Carissimi Confratelli Oblati e Laici Associati,

Scrivo questa pagina a pochi giorni dai fatti terribili di Nizza, dove, ancora una volta, la follia del male ha portato la morte nella vita di tanti innocenti. Lasciando sgomento il mondo (ma non corriamo il rischio di abituarci a sciagure come queste?). In molti si sono sfogati con il solito adagio: “Ma dov’è Dio?”. Possibile che l’Eterno permetta che la follia omicida di alcuni sia la causa della morte e del dolore di tanti innocenti? Per non parlare dello sconcerto che si prova quando si pensa che così tanta violenza terroristica (mi riferisco alle azioni efferate dell’Isis) venga da uomini che si dicono credenti, che sostengono di operare in nome di Dio, di agire secondo la sua volontà. Sembra che venga annullato lo sforzo di voler indicare le religioni, specie quelle rivelate, come percorsi di umanizzazione, di salvezza dal male, di entità in grado di offrire un valido contributo al progresso morale, alla pace e alla giustizia nella storia dei popoli.

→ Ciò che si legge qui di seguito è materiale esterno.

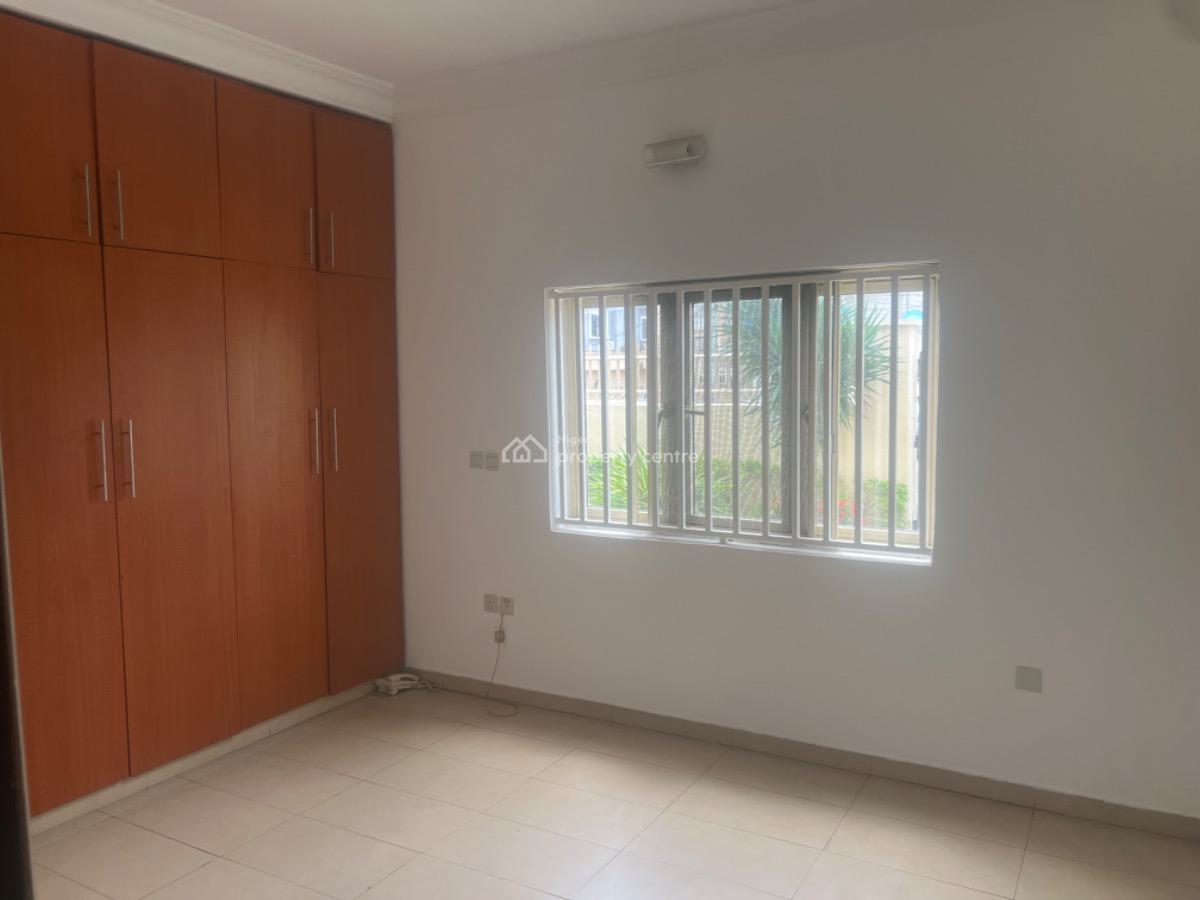Luxury 3 Bedroom Apartment with Bq, Lekki Phase 1, Lekki, Lagos, Flat / Apartment for Rent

Del resto, da parecchio tempo, faccio fatica a stare in ascolto di un qualsiasi notiziario per i troppi racconti di vicende belliche e terroristiche, di annegamenti di massa di fuggitivi disperati su barconi, di rifugiati da vestire e sfamare, di cronaca nera, di corruzione e scandali d’ogni genere. Anche l’evento Brexit, meramente politico, mi è parso come un fatto negativo per il nostro Continente, anche se ancora di più ha messo a nudo la fragilità dell’Unione Europea che, in questi ultimi decenni, si è mossa quasi esclusivamente su elementi di finanza e di economia, tralasciando ideali politici e valori morali e sociali necessari per una più convinta coesione tra gli Stati membri.

Questo è ciò che si muove sulla scena della storia odierna. Ma c’è anche dell’altro che, in modo più avvolgente, ha a che fare con la nostra maniera di vivere, di pensare e, soprattutto, di credere e che tocca lo spazio dell’etica e, dunque, i nostri comportamenti. A cosa mi riferisco? Rispondo con una riflessione: l’impressione che si ha, che cresce sempre più nella coscienza di tutti, anche dei credenti, è quella di vivere in una “società liquida” – come si esprime il pensatore Zygmunt Bauman -, dove è in crisi ogni entità che unifica attraverso valori oggettivi (stato, chiesa, partiti, associazioni, comunità) e dove, per conseguenza, si afferma un individualismo sfrenato, dove ognuno va per la propria strada, diffidando dell’altro. Mancando punti di riferimento, tutto “sembra dissolversi in una sorta di liquidità”: ciò che conta è affermare il proprio io, la propria opinione; ciò che vale è rivendicare la propria libertà da tutto, difendere e ottenere ciò che piace, che dà godimento, esaltando un consumismo che soddisfi ogni istinto e desiderio immediato. Nella società liquida la fede in Dio non è considerata, visto che non si cerca alcuna verità assoluta o un qualche senso trascendente della vita; tantomeno si accetta di essere salvati da “qualcun altro”, visto che nuocerebbe solo alla propria libertà. Il filosofo Umberto Galimberti descrive lo scenario esistenziale come una realtà sotto lo scacco di una cultura nichilistica, dove si assiste alla perdita di “ogni valore oggettivo; perdita di valore di ogni valore”. La conseguenza è tragica in particolare per la dimensione religiosa di ogni collettività che va ad assottigliarsi sempre più, venendo meno la tensione alla ricerca dei significati dell’esistenza e di altre istanze di natura etica che possono ispirare dei percorsi morali condivisi.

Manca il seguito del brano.